She knew, too, that Reuben loved her as far as in him lay; knew, with a bitter humiliation, how far short of hers fell his love.
Yet deep in her heart lay the touching obstinate belief of the woman who loves—that she was necessary to him, that she alone could minister to his needs; that in turning away from her and her large protection, her infinite toleration, he was turning away from the best which life had to offer him.
In the first sharp agony of awakening, Judith, as we know, had recognized that which had grown up between her and Reuben as a reality with rights and claims of its own. And the conviction of this was slowly growing upon her in the intervals of the swinging back of the pendulum, when she judged herself by conventional standards and felt herself withered by her own scorn, the scorn of her world, and the scorn of the man she loved.

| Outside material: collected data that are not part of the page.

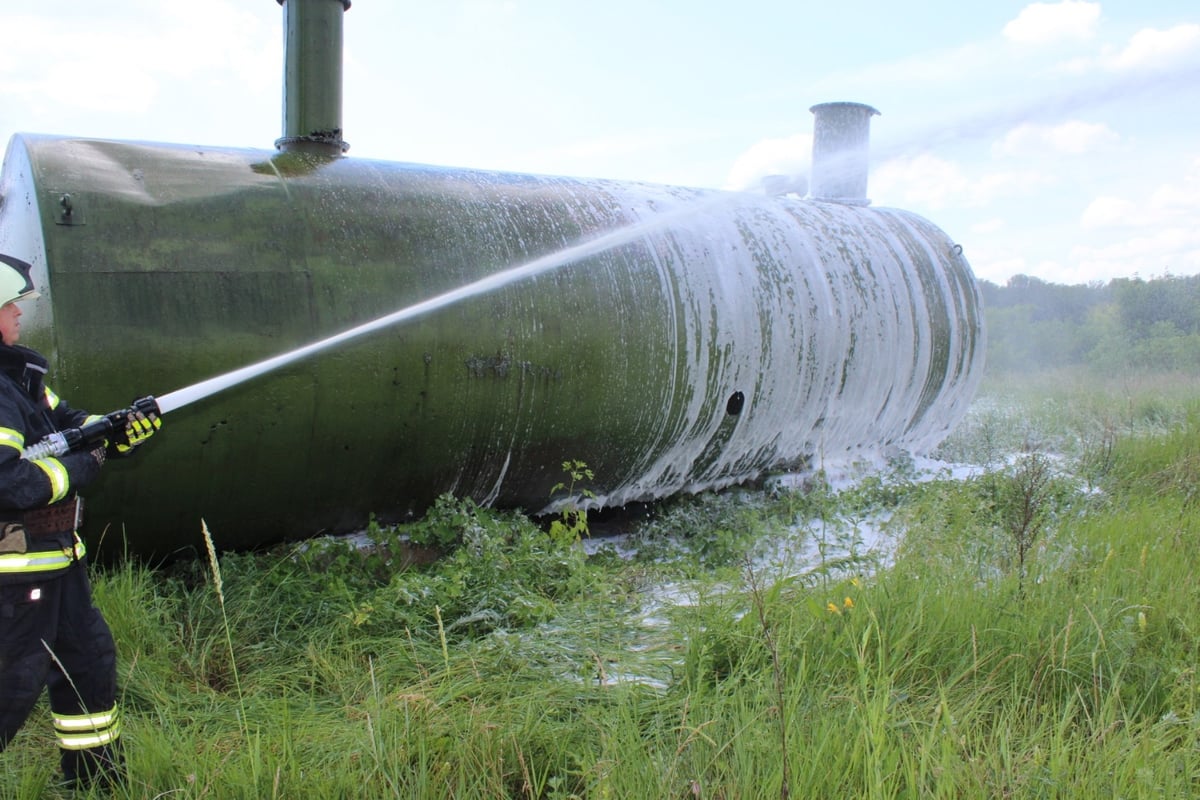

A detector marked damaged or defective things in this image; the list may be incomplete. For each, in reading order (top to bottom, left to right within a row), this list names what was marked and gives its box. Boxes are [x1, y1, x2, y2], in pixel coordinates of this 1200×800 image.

corroded tank surface [0, 133, 984, 556] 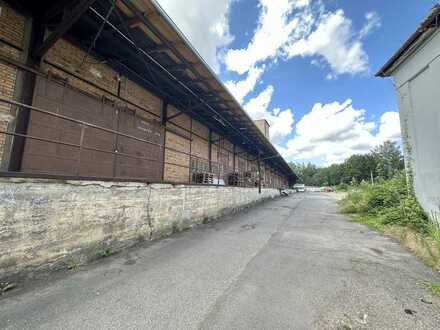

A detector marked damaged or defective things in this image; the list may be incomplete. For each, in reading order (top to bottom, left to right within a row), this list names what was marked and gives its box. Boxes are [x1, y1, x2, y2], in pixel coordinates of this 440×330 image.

cracked concrete foundation [0, 178, 282, 282] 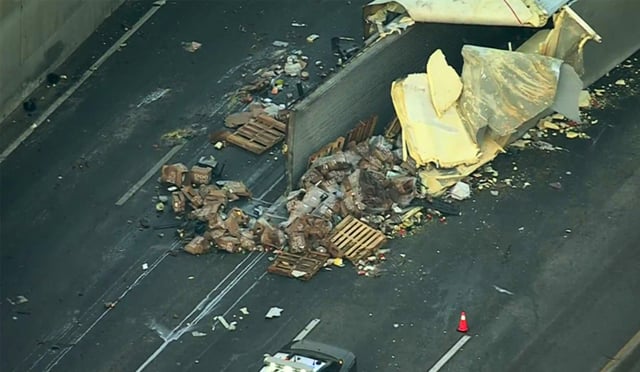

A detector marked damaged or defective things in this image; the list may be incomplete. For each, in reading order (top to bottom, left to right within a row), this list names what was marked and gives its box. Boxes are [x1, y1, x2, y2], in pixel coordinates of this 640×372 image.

torn metal panel [364, 0, 564, 37]
torn metal panel [516, 6, 604, 76]
torn metal panel [456, 45, 580, 138]
broken pallet slat [225, 114, 284, 153]
torn metal panel [390, 72, 480, 168]
broken pallet slat [330, 214, 384, 264]
broken pallet slat [266, 250, 330, 280] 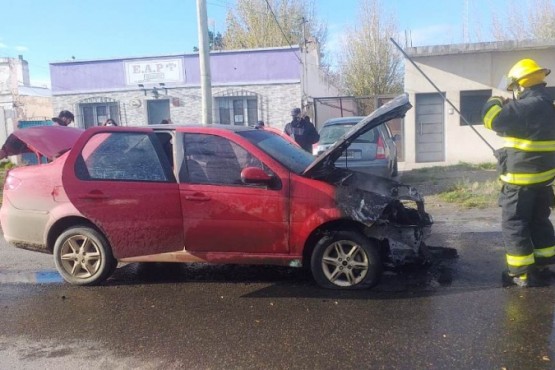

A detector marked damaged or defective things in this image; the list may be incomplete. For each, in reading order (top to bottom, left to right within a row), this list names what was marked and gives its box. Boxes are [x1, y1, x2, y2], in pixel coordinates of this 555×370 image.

damaged car hood [4, 125, 84, 159]
damaged car hood [302, 94, 410, 178] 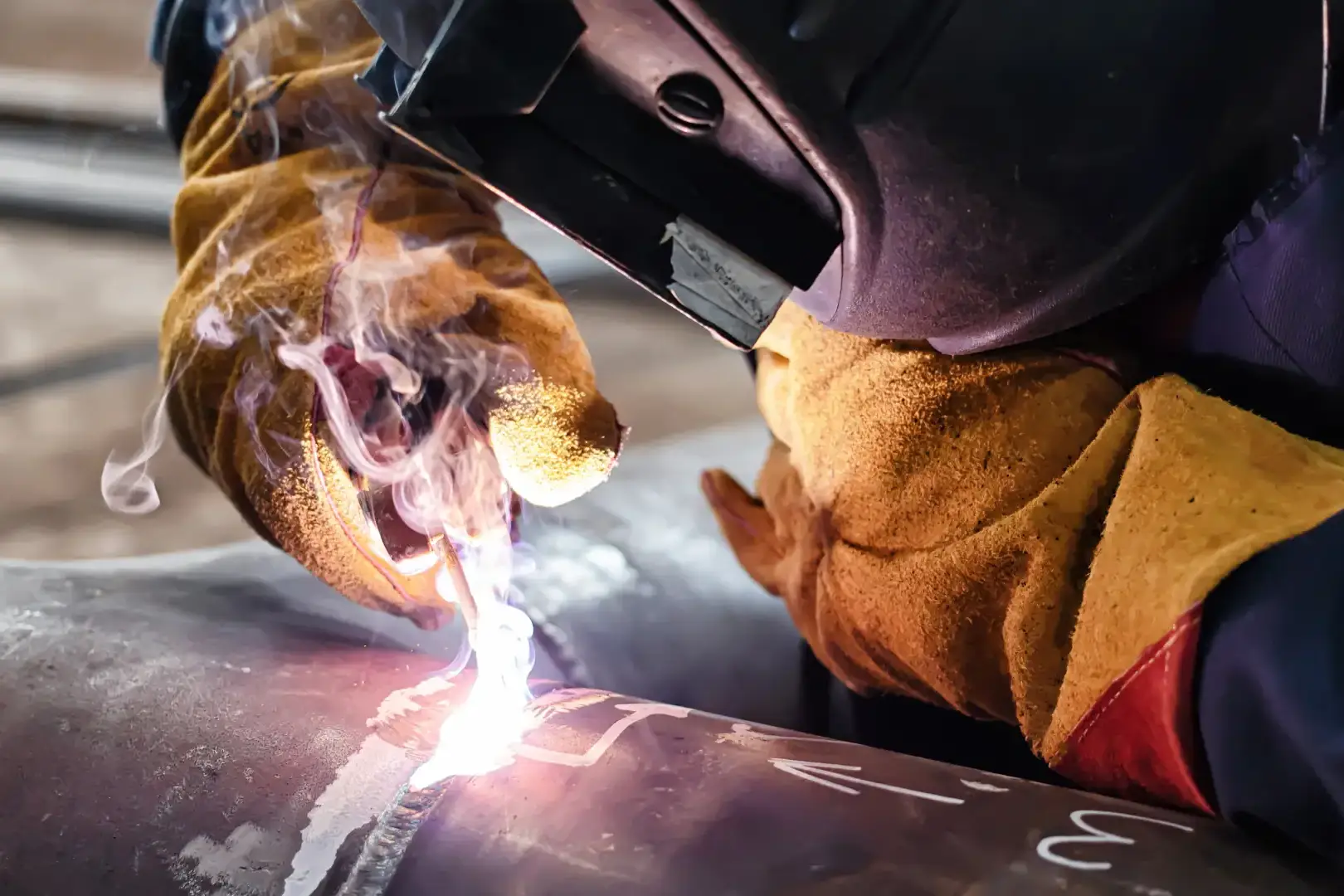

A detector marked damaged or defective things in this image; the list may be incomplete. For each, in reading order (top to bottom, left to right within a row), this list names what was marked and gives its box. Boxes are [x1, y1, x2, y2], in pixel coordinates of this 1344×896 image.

A great tear splashing down across the Triumph of Time recalled her to herself.
She shut the book and sat up in bed, sweeping back the heavy masses of hair from her forehead.
Often and often, with secret contempt and astonishment, had she seen Esther dissolved in tears over her favourite poets.
Should she grow in time to be like Esther, undignified, unreserved? Would people talk about her, pity her, say that she had had unfortunate love affairs?
Oh, yes, they would talk, that was the way of her world; even Rose who was kind, and her own mother who loved her; no doubt they had begun to talk already.
Then, with a sense of unutterable weariness, she fell back on the pillows and slept.